Organizations are everywhere. We depend on them but we don’t understand them well. When they FAIL you cannot just FIX them like a broken bike.
Why not?

1.  They are complex
2.  Many key elements are not visible, especially
3. People Factors or "People Problems” including politics, cultural factors, mental models, and conflicting goals and interests. 
In other words, human behavior patterns make up the structure and functioning of ORGs. Although they also depend on costly hardware, that is worthless without workers.  Machines and other tools supplement human effort, more and more thru all of our history, shifting the human contribution.
More and more "intelligence" gets built into machinery.
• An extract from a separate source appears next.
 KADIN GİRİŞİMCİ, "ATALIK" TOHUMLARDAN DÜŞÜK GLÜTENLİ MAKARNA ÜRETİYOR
So the workers who are partnered with the smart machines (and those who maintain them) must also be smarter.
Self-managing ORGs are possible now - when leadership roles and management functions are shared more broadly, but they are not eliminated. (See Purser & Cabana, The Self-Managing Organization, Free Press, 1998.)


Our focus on images and metaphors has practical importance since orgs depend on their members having shared images and assumptions about "how we do things here". This is necessary for successful  communication and collaboration. 

Team facilitators often ask members to make explicit their mental images of how their team and organization work, as a foundation for solving problems that have defeated managers. These images (some shared, some disputed) can be captured through talking, as well as by drawing, role-playing, and model-making.